• **DIRECTIONS**: Filter the listing and keep only the lines with the word "Poster".

◆ ◆ ◆ ◆

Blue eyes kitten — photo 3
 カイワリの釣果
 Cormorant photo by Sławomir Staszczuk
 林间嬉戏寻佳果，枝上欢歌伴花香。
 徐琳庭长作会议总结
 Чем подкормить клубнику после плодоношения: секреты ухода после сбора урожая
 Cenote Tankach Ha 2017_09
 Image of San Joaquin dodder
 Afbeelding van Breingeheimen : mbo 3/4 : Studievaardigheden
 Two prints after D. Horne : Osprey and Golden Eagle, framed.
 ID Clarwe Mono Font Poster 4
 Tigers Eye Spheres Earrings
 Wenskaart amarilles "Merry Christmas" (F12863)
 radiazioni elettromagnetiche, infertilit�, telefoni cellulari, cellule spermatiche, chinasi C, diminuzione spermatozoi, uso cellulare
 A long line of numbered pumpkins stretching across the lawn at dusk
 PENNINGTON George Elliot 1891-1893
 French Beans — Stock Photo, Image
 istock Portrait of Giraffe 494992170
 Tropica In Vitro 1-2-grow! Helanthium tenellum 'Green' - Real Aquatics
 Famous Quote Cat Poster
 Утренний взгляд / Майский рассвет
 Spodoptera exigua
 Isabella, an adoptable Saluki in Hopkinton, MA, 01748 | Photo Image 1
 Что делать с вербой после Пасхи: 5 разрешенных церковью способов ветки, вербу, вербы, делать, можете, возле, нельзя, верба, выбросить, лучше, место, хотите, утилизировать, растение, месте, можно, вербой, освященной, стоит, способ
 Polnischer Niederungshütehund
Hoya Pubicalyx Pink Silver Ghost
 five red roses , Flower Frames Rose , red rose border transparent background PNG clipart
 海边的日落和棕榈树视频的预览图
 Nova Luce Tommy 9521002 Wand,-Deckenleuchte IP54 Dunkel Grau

◆ ◆ ◆ ◆

• **THE COMPLETED TASK**:
 ID Clarwe Mono Font Poster 4
 Famous Quote Cat Poster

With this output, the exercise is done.